Autophagy is known to be required for eukaryotic cells to withstand nutrient starvation by mediating the degradation of cellular components to supply substrates for ATP generation thereby helping cells survive until extracellular nutrient availability returns. Autophagy also mediates forms of quality control within cells by engulfing and degrading protein aggregates and damaged mitochondria that mitigates neurodegeneration in mice. Autophagy substrates become encapsulated by a double membrane structure that then fuses with lysosomes to mediate degradation of the cargo. How autophagosomes form and how their substrates are recognized for engulfment remain poorly understood. Although two gene products mutated in Parkinson's disease, PINK1, and Parkin have been found to play a central role in triggering mitophagy in mammals, how the pre-autophagosomal isolation membrane selectively and accurately engulfs damaged mitochondria remains unclear. RABGEF1, an upstream factor of the endosomal Rab GTPase cascade, is recruited to damaged mitochondria via ubiquitin binding downstream of Parkin. RABGEF1 directs the downstream Rab proteins, RAB5 and RAB7A, to damaged mitochondria, whose associations are further regulated by mitochondrial Rab-GAPs. TBC1D15, a mitochondrial Rab GTPase-activating protein (Rab-GAP), governs autophagosome biogenesis and morphology. To constrain autophagosome morphogenesis to that of the cargo, TBC1D15 inhibits Rab7 activity and associates with both the mitochondria through binding Fis1 and the isolation membrane through the interactions with LC3/GABARAP family members. Another TBC family member TBC1D17, also participates in mitophagy and forms homodimers and heterodimers with TBC1D15. These results demonstrate that TBC1D15 and TBC1D17 mediate proper autophagic encapsulation of mitochondria by regulating Rab7 activity at the interface between mitochondria and isolation membranes and that endosomal Rab cycles on damaged mitochondria are crucial regulators of mitophagy.

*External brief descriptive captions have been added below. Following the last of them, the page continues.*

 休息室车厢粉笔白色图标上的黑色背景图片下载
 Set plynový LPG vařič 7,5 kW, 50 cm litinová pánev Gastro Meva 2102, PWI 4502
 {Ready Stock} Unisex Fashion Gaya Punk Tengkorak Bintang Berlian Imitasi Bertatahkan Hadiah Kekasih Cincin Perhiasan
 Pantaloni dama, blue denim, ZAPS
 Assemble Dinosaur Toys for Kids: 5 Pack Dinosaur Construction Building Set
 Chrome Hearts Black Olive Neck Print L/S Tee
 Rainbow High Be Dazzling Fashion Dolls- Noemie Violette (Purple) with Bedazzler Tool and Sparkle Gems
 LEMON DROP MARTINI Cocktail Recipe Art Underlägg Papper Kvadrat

已知真核细胞需要自噬来抵抗营养饥饿，通过介导细胞成分的降解来提供 ATP 生成的底物，从而帮助细胞生存，直到细胞外营养可用性恢复。自噬还通过吞噬和降解蛋白质聚集体和受损的线粒体来介导细胞内的质量控制，从而减轻小鼠的神经退行性变。 自噬底物被双层膜结构封装，然后与溶酶体融合以介导货物的降解。 自噬体是如何形成的以及它们的底物如何被识别并吞噬仍然知之甚少。 尽管帕金森病中的两个基因产物PINK1和Parkin已被发现在触发哺乳动物线粒体自噬中发挥核心作用，但自噬体前隔离膜如何选择性且准确地吞噬受损的线粒体仍不清楚。 RABGEF1 是内体 Rab GTP 酶级联的上游因子，通过 Parkin 下游的泛素结合被招募到受损的线粒体。 RABGEF1 将下游 Rab 蛋白 RAB5 和 RAB7A 引导至受损的线粒体，其关联进一步受到线粒体 Rab-GAP 的调节。 TBC1D15 是一种线粒体 Rab GTP 酶激活蛋白 (Rab-GAP)，控制自噬体的生物发生和形态。为了将自噬体形态发生限制为货物的形态发生，TBC1D15 抑制 Rab7 活性，并通过结合 Fis1 与线粒体结合，并通过与 LC3/GABARAP 家族成员的相互作用与隔离膜结合。另一个TBC家族成员TBC1D17也参与线粒体自噬并与TBC1D15形成同二聚体和异二聚体。这些结果表明，TBC1D15 和 TBC1D17 通过调节线粒体和隔离膜之间界面的 Rab7 活性来介导线粒体的适当自噬封装，并且受损线粒体上的内体 Rab 循环是线粒体自噬的关键调节因子。